Honorários curador especial
Ademais, necessária a fixação de honorários advocatícios em favor da curadora especial da parte apelada, pela apresentação de contrarrazões (evento 113, CONTRAZ1), conforme Resolução CM n. 9 de 13 de junho de 2022.

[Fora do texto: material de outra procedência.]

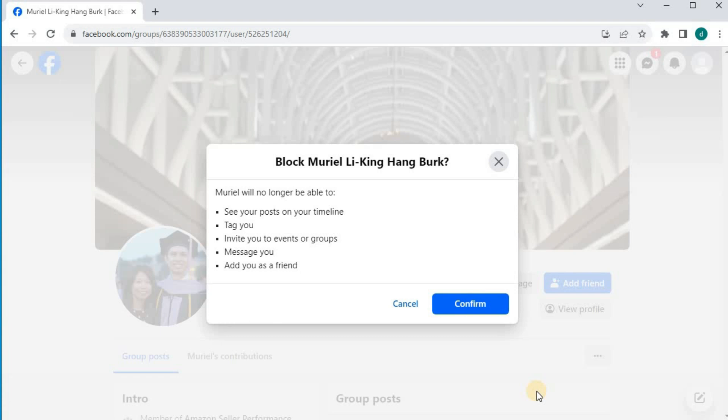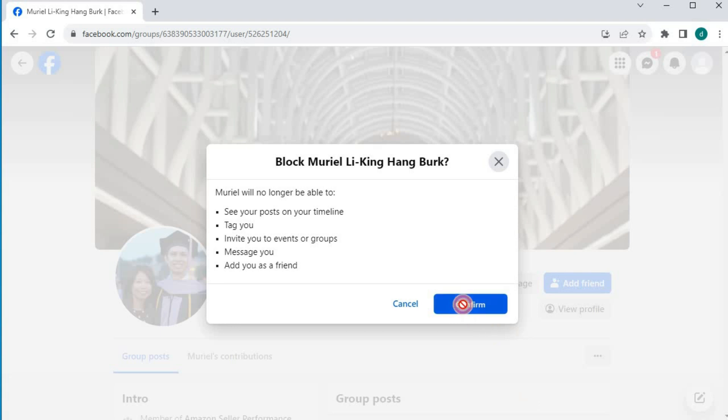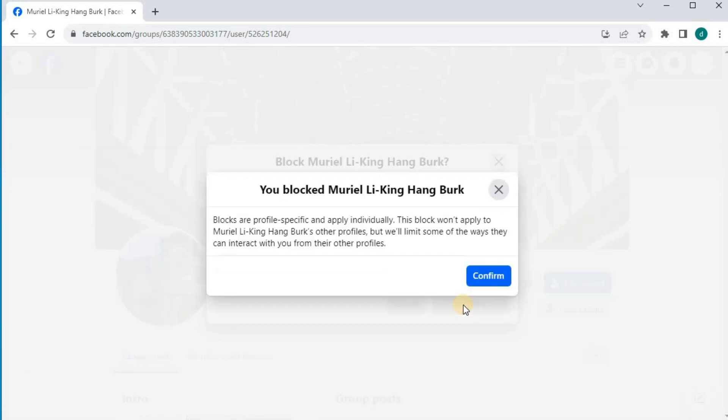It says, this person will no longer be able to see your posts on your timeline, tag you, invite you to events or groups, message you, or add you as a friend. Press confirm, then confirm again.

Dessarte, fixo honorários à defensora dativa que atuou em grau recursal no valor de R$ 409,11 — valor mínimo da referida tabela —, tendo em vista a baixa complexidade do trabalho, a natureza da causa, os atos praticados, o lugar da prestação do serviço e o pouco tempo de tramitação do processo, nos termos do art. 85, § 2º, do CPC.
Dispositivo
Ante o exposto, voto no sentido de conhecer do recurso e negar-lhe provimento, majorando os honorários sucumbenciais devidos ao causídico da parte apelada em 2% (dois por cento) sobre o valor atualizado da causa, ex vi do art. 85, § 11, do CPC/15, cuja exigibilidade, contudo, fica suspensa em face do deferimento da justiça gratuita, conforme art. 98, § 3º do CPC. Arbitro, ademais, honorários advocatícios ao defensor dativo, pela sua atuação em grau recursal, no valor de R$ 409,11, conforme Resolução CM n. 9/2022.